Thursday, September 26, 2013

Shivers 1: The Enchanted Attic

Shivers 1: The Enchanted Attic

I started this book expecting to find a crappy book with a crappy storyline. I wasn't far off. The storyline was actually surprisingly good, for a children's horror book.

The story opens with our 11-year-old protagonist, Nicole, laying in her bed with the covers pulled up to her nose. She loves familiarity and mundane repetition in everyday life, prefers isolation and reading to physically doing things, and might be one of the most annoying protagonists in any book ever. Her family just moved to Massachusetts due to her father's new job, which she makes sure to remind the reader about by complaining every half a page. Her sister, Casey, is only slightly better than the main character. She's the adventurous type, running around looking for mud and spiders and mud-spiders because what 7-year-old wouldn't. Her other hobbies include annoying her older sister and then getting her in trouble when she snaps.

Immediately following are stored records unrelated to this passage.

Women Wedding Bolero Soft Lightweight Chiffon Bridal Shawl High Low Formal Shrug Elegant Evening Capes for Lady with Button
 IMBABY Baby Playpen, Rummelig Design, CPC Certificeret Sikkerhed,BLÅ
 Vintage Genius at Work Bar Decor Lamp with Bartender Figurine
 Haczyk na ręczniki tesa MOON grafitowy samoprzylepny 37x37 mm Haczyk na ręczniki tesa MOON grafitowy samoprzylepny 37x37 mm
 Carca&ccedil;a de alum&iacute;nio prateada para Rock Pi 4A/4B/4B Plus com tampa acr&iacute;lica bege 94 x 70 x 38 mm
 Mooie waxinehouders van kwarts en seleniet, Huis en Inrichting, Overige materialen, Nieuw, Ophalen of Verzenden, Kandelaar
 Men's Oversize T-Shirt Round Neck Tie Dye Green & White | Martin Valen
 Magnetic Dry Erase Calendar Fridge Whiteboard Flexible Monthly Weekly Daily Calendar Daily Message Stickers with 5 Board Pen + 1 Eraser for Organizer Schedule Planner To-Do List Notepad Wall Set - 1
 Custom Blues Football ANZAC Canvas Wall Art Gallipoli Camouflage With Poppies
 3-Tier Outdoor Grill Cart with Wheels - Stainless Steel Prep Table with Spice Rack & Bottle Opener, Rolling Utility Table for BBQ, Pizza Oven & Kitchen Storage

So Nicole, after several pages of character-developing complaining, decides to go try to talk to her sister at midnight. But, surprise! She was asleep. After going back to her room, Nicole hears footsteps in the hall. She panics and, in the scariest part of the book, discovers it's Casey! After verbally abusing her younger sister a little bit, Nicole threatens Casey into silence by saying, "Cross my heart and hope to die, if you tell I'll make you cry." It seems that these two also have the mental maturity of four-year-olds. Instead of striking back with the good old "I'm rubber, you're glue" line, Casey decides to let it go and sleep with Nicole.

The next morning, after lots of complaining and clever comebacks, Nicole learns that her house was host to a number of interesting people from the Civil War, to which she responds that she likes to read about history, not live in it. Yes, that sentence does make less sense the more you think about it. Nicole and Casey strolled outside and Nicole let Casey wander off because she was too busy complaining about their stupid forest and her dad's stupid job and the stupid family he had to support and why couldn't she have just been put in a different stupid book. After she nearly lost her voice, she decided to explore the house. She came across a study filled with tons of huge bookcases and decides that it might not be such a bad place after all because it has exactly what she wanted. She pulled a book off the shelf, and low and behold, it was a secret passage! Nicole shows her only redeeming quality as a character when she decides not to go in the spooky tunnel alone, after hearing voices. She shows her great observational skills and intellect with her ingenious observation that "Mice don't talk".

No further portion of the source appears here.